The Hatchet Men And the Hot Dog

Issue 08-07-17   |   Reviewer:   Duane Helleloid, Ph.D.

Abstract

The U.S. grocery industry is undergoing a number of changes as consumers spend more at restaurants than traditional grocery stores. Within grocery stores, sales of traditional brands such as Jell-O, A.1 steak sauce, and Kraft Singles cheese are down, while sales of natural foods have increased. This has led 3G Capital, owner of many brands including Oscar Mayer, Heinz, and Kraft, to try and strengthen or reposition products. The company spent over $10 million to reformulate the Oscar Mayer wiener in order to make it a healthier product. It is also looking to extend brands both nationally (e.g., Heinz barbeque sauces in the U.S. market) and internationally (e.g., sell more Planter's peanuts and Heinz ketchup in China).

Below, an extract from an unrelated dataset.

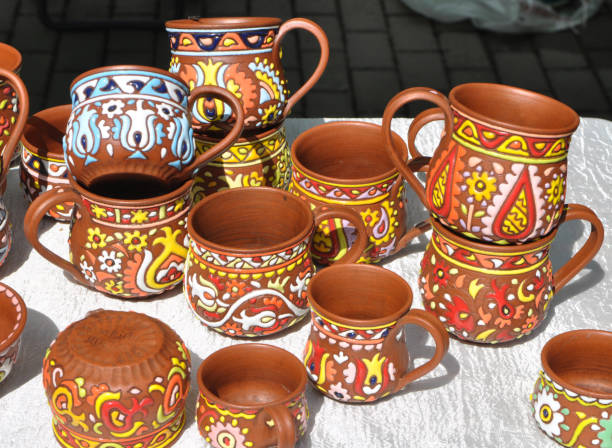 istock Various pottery made of clay. 1420577640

3G is known for its aggressive cost cutting and restructuring at the companies it acquires, while also expanding their market presence. In addition to Kraft Heinz Co., 3G owns restaurant chains, including Tim Horton's Inc., Burger King, and Popeyes Louisiana Kitchen. To help finance its acquisitions, 3G has, on occasion, partnered with Berkshire Hathaway.